Work order
In the records below, find the line with "Creativ Firmenglas mit" and the line with "cover image of Decide and Conquer"; return exactly those lines and every line between them.

Stored data
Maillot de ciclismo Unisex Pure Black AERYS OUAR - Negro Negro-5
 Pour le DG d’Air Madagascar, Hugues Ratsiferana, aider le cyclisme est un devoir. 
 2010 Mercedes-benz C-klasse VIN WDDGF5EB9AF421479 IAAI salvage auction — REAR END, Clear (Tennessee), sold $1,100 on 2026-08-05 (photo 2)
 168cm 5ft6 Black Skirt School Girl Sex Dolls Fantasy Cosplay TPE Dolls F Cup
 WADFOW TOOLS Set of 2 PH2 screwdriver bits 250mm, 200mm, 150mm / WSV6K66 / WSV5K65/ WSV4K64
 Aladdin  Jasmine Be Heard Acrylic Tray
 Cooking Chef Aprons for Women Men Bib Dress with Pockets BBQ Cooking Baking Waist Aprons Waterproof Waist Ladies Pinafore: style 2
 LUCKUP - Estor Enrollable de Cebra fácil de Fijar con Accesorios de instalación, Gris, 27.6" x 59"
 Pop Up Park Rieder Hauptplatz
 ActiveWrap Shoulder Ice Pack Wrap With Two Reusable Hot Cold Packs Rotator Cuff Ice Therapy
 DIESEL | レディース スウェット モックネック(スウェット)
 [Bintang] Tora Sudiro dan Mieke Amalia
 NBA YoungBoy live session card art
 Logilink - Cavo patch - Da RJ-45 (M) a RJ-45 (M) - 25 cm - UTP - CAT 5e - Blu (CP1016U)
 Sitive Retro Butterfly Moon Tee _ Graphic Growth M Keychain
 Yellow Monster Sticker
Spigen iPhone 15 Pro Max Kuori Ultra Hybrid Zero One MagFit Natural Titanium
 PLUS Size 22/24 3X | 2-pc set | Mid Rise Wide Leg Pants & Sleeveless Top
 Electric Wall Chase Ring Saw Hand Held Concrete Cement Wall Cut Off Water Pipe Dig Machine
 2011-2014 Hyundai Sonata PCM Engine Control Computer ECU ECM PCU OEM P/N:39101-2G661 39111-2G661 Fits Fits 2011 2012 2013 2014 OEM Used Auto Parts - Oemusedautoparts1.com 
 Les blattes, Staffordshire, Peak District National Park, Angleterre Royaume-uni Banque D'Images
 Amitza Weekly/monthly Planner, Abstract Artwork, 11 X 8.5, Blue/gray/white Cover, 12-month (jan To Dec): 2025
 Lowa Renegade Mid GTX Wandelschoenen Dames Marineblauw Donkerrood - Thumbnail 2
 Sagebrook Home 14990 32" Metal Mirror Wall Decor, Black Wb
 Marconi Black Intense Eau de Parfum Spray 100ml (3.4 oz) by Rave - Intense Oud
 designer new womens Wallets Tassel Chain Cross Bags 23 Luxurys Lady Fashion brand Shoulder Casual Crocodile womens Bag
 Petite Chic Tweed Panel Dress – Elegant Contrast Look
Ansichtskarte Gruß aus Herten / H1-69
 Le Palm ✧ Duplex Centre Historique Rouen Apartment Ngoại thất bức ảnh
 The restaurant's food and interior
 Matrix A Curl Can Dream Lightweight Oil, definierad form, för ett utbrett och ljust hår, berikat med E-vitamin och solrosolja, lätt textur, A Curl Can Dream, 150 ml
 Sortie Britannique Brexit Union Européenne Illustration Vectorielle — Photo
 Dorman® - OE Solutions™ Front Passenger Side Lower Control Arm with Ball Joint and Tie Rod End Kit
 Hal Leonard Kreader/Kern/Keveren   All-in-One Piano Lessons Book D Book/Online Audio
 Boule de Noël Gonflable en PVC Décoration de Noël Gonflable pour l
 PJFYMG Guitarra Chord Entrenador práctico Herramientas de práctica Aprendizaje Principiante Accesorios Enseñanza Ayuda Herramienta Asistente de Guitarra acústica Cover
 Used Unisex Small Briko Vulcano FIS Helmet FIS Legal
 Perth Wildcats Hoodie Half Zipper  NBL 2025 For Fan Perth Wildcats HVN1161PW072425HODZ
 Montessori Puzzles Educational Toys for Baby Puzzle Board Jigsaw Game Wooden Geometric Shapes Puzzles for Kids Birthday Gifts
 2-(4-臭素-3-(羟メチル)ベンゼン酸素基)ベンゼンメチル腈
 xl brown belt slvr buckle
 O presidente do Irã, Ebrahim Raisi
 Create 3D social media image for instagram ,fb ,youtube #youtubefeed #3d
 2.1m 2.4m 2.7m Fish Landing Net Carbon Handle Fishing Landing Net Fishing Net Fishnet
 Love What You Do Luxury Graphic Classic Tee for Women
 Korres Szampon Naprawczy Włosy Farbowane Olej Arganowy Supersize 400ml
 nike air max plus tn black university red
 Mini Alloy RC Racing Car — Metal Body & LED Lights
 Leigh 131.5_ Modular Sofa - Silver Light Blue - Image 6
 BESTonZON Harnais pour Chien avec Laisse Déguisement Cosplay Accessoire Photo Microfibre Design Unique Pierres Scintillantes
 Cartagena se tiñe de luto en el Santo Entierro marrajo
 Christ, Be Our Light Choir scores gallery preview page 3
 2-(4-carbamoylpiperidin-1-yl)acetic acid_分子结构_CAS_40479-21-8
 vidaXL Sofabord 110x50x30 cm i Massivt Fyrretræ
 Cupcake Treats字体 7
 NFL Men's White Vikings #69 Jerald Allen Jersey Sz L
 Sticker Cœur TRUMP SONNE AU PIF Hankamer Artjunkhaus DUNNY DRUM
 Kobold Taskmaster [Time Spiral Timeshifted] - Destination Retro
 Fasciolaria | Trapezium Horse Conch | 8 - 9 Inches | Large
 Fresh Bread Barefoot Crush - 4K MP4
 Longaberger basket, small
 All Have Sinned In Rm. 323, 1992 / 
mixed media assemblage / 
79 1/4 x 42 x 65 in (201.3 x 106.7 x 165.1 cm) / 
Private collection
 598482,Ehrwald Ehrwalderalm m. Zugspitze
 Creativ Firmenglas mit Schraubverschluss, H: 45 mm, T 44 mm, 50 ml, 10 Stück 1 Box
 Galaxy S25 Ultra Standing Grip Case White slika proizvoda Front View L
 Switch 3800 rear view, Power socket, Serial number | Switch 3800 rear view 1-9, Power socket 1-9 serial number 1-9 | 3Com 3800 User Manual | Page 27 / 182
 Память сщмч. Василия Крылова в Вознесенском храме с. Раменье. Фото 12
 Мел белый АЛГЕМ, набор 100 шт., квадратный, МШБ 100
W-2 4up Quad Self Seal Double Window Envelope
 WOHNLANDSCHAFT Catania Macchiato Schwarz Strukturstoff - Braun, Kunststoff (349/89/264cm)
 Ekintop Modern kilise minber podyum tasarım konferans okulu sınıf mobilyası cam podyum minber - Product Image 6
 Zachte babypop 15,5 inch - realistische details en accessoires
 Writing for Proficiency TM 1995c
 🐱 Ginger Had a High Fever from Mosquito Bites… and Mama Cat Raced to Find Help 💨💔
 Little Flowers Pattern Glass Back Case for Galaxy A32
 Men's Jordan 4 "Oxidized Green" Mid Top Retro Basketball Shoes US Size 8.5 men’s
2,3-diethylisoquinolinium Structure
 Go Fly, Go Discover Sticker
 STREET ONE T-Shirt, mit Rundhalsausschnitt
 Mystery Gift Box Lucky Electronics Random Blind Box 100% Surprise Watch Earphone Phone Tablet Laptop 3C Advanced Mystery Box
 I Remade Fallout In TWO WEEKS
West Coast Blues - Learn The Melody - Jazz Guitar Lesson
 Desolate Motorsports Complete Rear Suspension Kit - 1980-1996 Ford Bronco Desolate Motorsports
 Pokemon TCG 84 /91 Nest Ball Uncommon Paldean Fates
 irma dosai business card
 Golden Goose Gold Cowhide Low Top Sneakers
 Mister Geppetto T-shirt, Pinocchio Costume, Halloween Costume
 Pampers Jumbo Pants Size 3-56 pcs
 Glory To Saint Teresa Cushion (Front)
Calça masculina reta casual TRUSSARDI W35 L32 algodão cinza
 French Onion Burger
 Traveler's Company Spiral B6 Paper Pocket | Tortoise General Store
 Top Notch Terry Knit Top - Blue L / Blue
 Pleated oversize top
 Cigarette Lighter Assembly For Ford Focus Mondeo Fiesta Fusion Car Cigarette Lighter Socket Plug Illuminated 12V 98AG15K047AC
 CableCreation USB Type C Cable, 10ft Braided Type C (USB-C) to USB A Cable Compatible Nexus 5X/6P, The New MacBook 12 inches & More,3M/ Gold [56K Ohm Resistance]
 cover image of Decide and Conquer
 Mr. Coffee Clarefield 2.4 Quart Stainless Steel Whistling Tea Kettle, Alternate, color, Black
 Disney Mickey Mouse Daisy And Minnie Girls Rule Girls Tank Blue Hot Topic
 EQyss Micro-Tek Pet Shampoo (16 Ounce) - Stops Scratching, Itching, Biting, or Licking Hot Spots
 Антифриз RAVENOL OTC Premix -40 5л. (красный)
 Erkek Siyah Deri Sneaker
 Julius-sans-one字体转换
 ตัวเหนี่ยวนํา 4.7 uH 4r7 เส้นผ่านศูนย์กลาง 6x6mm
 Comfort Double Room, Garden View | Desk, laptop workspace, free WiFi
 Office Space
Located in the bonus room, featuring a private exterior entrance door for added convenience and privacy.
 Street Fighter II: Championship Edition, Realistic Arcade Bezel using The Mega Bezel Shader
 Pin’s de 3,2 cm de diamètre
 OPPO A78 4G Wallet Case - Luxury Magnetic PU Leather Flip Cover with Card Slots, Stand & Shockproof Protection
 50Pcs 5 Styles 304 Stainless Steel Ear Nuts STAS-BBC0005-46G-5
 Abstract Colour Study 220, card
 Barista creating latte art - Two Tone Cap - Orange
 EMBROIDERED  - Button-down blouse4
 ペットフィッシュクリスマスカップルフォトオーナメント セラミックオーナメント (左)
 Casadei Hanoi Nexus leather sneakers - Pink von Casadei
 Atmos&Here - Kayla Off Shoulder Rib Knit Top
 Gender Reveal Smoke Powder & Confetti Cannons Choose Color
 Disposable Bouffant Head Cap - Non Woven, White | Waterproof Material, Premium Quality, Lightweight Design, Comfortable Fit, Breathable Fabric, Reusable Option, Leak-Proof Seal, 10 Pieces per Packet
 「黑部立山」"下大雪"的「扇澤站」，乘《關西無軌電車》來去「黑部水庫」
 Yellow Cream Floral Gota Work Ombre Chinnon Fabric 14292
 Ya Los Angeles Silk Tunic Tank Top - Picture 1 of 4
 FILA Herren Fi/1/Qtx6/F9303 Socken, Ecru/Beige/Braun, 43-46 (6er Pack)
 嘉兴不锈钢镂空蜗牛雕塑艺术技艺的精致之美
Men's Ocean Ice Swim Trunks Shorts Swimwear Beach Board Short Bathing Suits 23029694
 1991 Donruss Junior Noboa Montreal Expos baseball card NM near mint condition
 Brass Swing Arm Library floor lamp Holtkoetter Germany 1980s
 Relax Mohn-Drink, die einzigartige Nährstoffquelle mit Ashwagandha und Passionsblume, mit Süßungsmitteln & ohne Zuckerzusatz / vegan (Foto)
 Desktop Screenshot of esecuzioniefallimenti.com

Output of the exercise
 Creativ Firmenglas mit Schraubverschluss, H: 45 mm, T 44 mm, 50 ml, 10 Stück 1 Box
 Galaxy S25 Ultra Standing Grip Case White slika proizvoda Front View L
 Switch 3800 rear view, Power socket, Serial number | Switch 3800 rear view 1-9, Power socket 1-9 serial number 1-9 | 3Com 3800 User Manual | Page 27 / 182
 Память сщмч. Василия Крылова в Вознесенском храме с. Раменье. Фото 12
 Мел белый АЛГЕМ, набор 100 шт., квадратный, МШБ 100
W-2 4up Quad Self Seal Double Window Envelope
 WOHNLANDSCHAFT Catania Macchiato Schwarz Strukturstoff - Braun, Kunststoff (349/89/264cm)
 Ekintop Modern kilise minber podyum tasarım konferans okulu sınıf mobilyası cam podyum minber - Product Image 6
 Zachte babypop 15,5 inch - realistische details en accessoires
 Writing for Proficiency TM 1995c
 🐱 Ginger Had a High Fever from Mosquito Bites… and Mama Cat Raced to Find Help 💨💔
 Little Flowers Pattern Glass Back Case for Galaxy A32
 Men's Jordan 4 "Oxidized Green" Mid Top Retro Basketball Shoes US Size 8.5 men’s
2,3-diethylisoquinolinium Structure
 Go Fly, Go Discover Sticker
 STREET ONE T-Shirt, mit Rundhalsausschnitt
 Mystery Gift Box Lucky Electronics Random Blind Box 100% Surprise Watch Earphone Phone Tablet Laptop 3C Advanced Mystery Box
 I Remade Fallout In TWO WEEKS
West Coast Blues - Learn The Melody - Jazz Guitar Lesson
 Desolate Motorsports Complete Rear Suspension Kit - 1980-1996 Ford Bronco Desolate Motorsports
 Pokemon TCG 84 /91 Nest Ball Uncommon Paldean Fates
 irma dosai business card
 Golden Goose Gold Cowhide Low Top Sneakers
 Mister Geppetto T-shirt, Pinocchio Costume, Halloween Costume
 Pampers Jumbo Pants Size 3-56 pcs
 Glory To Saint Teresa Cushion (Front)
Calça masculina reta casual TRUSSARDI W35 L32 algodão cinza
 French Onion Burger
 Traveler's Company Spiral B6 Paper Pocket | Tortoise General Store
 Top Notch Terry Knit Top - Blue L / Blue
 Pleated oversize top
 Cigarette Lighter Assembly For Ford Focus Mondeo Fiesta Fusion Car Cigarette Lighter Socket Plug Illuminated 12V 98AG15K047AC
 CableCreation USB Type C Cable, 10ft Braided Type C (USB-C) to USB A Cable Compatible Nexus 5X/6P, The New MacBook 12 inches & More,3M/ Gold [56K Ohm Resistance]
 cover image of Decide and Conquer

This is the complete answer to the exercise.